Re: Photodiode Dark Current Measurement

On Sep 28, 1:35 pm, "Greg Neill" <gneill...@xxxxxxxxxxxxxxx> wrote:
"GraemeC" <graeme.cunning...@xxxxxxxxxxxxxx> wrote in message

news:1190977761.357722.184850@xxxxxxxxxxxxxxxxxxxxxxxxxxxxxx





I am trying to measure the dark current of a photodiode

I have Chathode of the PD connected to 1Meg ohm resistor which is
connected to +2V
The annode is connected to 0V

I obtain the following measurements
Voltage accross Resistor: 1.39V
Voltage accross Photodiode : 0.82V

I have assumed that the Dark Current (or indeed any current value) is
(2 - (1.39+0.82)) / 1Meg

=> I obtain a dark current of 210nA. This figrue however is less by
more than an order of magnitude than that I am expecting.

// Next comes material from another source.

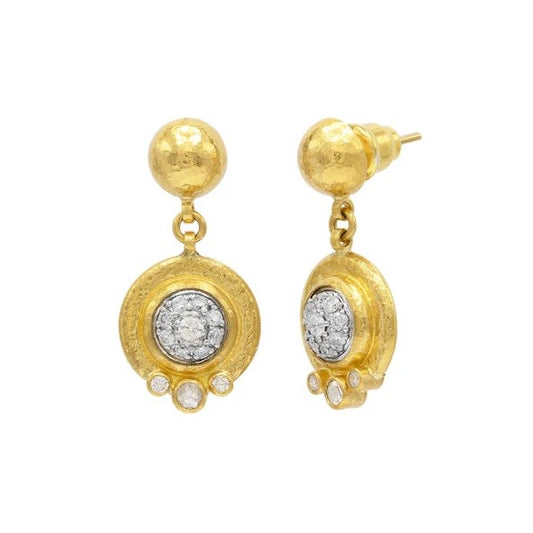 Gurhan Celestial Gold Drop Diamond Earrings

The photodiode and resistor are in series, so they
share the same current. Given that you measured a
1.39V drop across the 1M resistor, what's the current
in the resistor?- Hide quoted text -

- Show quoted text -

I don't understand that. Because the the value across the resistor
varies as you adjust the bias voltage. The bias voltage shouln't
effect the value of the photocurrent generated.

G

.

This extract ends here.